[Date Prev][Date Next][Thread Prev][Thread Next][Date Index][Thread Index]

Re: [Xen-devel] [PATCH] x86emul/fuzz: adjust canonicalization in sanitize_input()




> On Mar 29, 2019, at 4:14 PM, Jan Beulich <JBeulich@xxxxxxxx> wrote:
> 
>>>> On 29.03.19 at 16:42, <George.Dunlap@xxxxxxxxxx> wrote:
>>> On Mar 29, 2019, at 3:23 PM, Jan Beulich <JBeulich@xxxxxxxx> wrote:
>>>>>> On 29.03.19 at 16:14, <George.Dunlap@xxxxxxxxxx> wrote:
>>>> FAOD:
>>>> 1. I don’t oppose this, but
>>>> 2. I don’t support it either; however,
>>>> 3. I don’t think my Ack is necessary.
>>> 
>>> Well, preferably I would address your concerns despite 3. So could
>>> you clarify what you would suggest instead? Keep things as they
>>> are? Drop all canonicalization? I've basically tried to find a middle
>>> ground between the two extremes.
>> 
>> I appreciate that. :-) But the main reason I wrote this was #3: I didn’t 
>> want my silence interpreted as a nack.
>> 
>> I don’t think it will help fuzzing to remove canonicalization of ebp; it may 
>> help to have it in.  In fact I’d prefer to CANONICALIZE_MAYBE() more 
>> registers.
> 
> But canonicalization removes potentially interesting bits from fuzzed
> input, which is liable to be relevant if a register is used for other than
> a base address in an effective address calculation.
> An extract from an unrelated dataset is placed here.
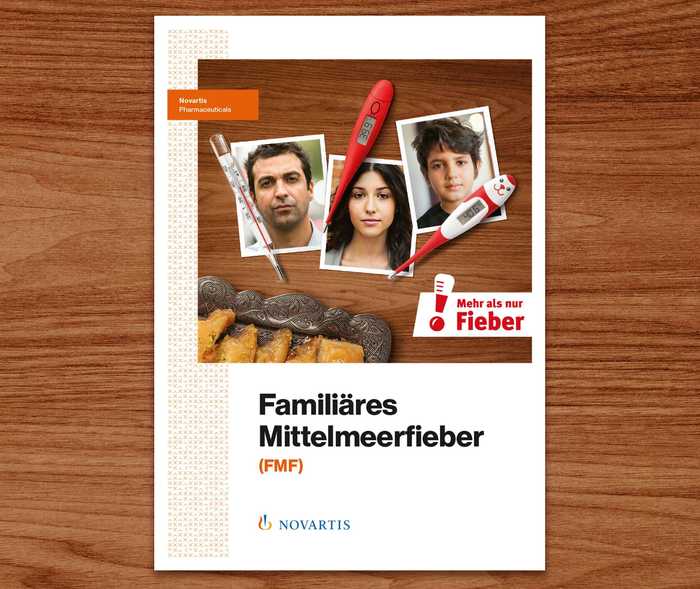 Download Broschüre FMF deutsch Teaser Download Broschüre FMF deutsch Teaser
As an example,
> take BSR: You'd remove the possibility to get results in the range
> [48,62]. Or take the XSA-195 case: The memory range covered by
> BT{,C,R,S} is dramatically much smaller when the register holding the
> bit offset first got canonicalized.
> 
> Granted the canonicalization is conditional, so it wouldn't be making it
> entirely impossible to get into such a state, but since fuzzing is all
> about likelihood, we'd like to avoid reducing our chances of hitting
> interesting cases.

OK, since you want to discuss it, let’s discuss it. :-)

Just to summarize everything:

“Canonical” addresses must have bits 48-63 identical to bit 47.  This means the 
chance of any “random” 64-bit number being canonical is 1 in 65536 (2^16).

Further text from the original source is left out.